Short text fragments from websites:
• • •

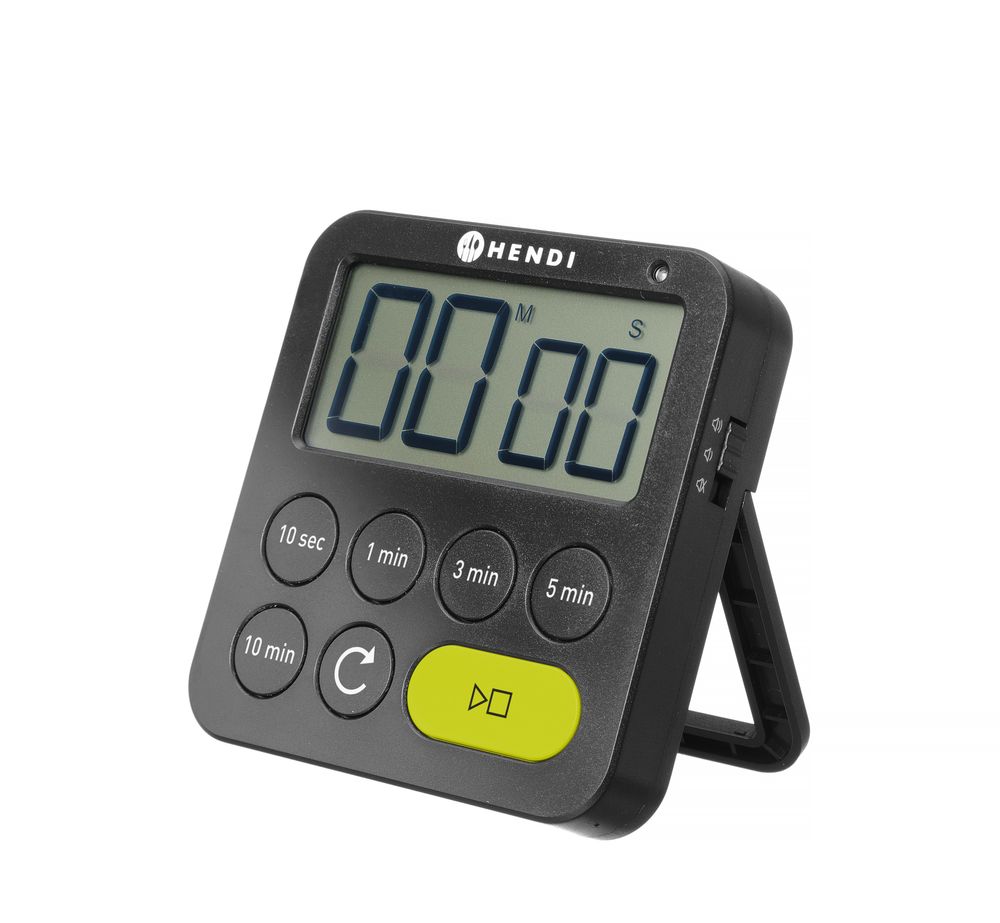 HENDI Timer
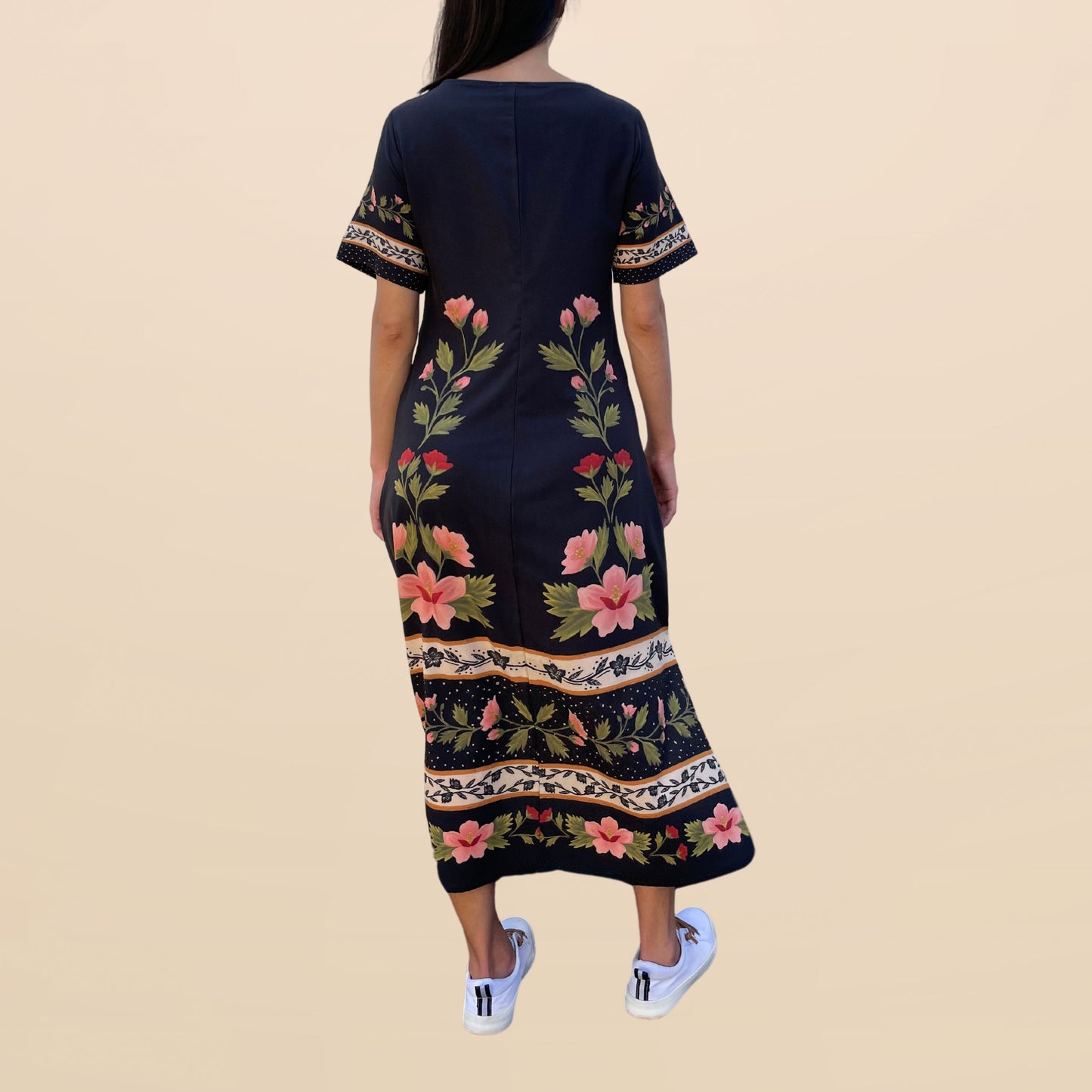 Vestido Túnica Arami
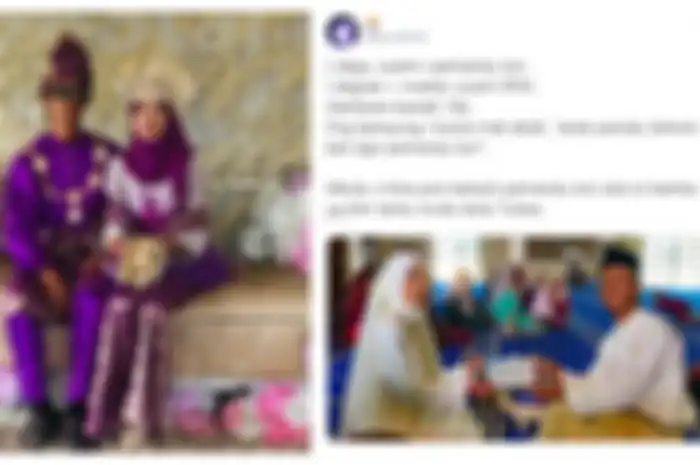 Wanita Lulusan S2 ini Mendapat Nyinyiran Karena Mau Menikahi Supir Truk, Begini Balasan Menohoknya!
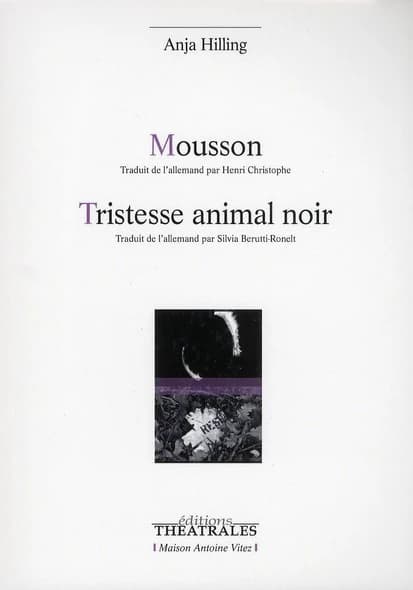 Mousson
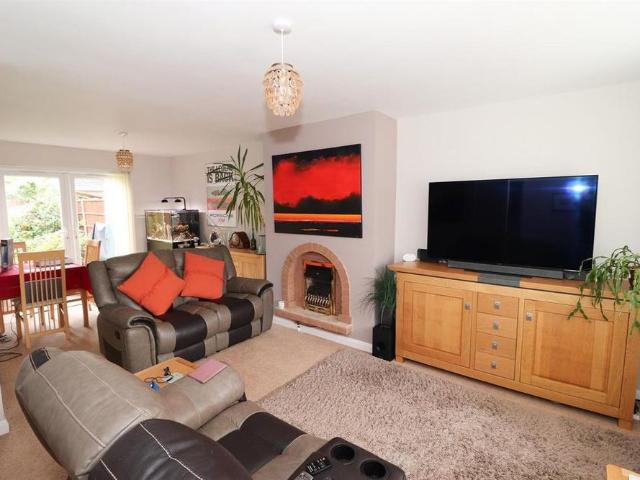 House for rent in Green Lane, Stivichall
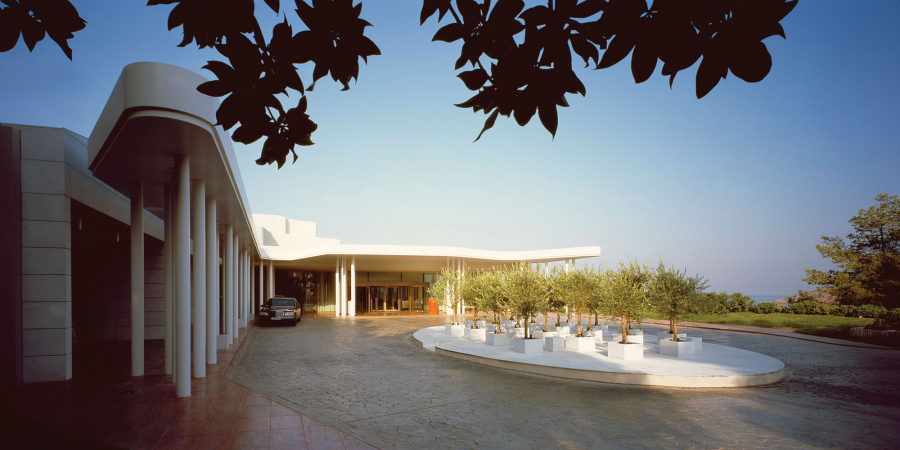 O Aστέρας Βουλιαγμένης και τα αρχαία του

• • •

(TASK PROMPT)
All of the records should be set down exactly, minus the pictures they hold.

(RESULT OF THE TASK)
 HENDI Timer
 Vestido Túnica Arami
 Wanita Lulusan S2 ini Mendapat Nyinyiran Karena Mau Menikahi Supir Truk, Begini Balasan Menohoknya!
 Mousson
 House for rent in Green Lane, Stivichall
 O Aστέρας Βουλιαγμένης και τα αρχαία του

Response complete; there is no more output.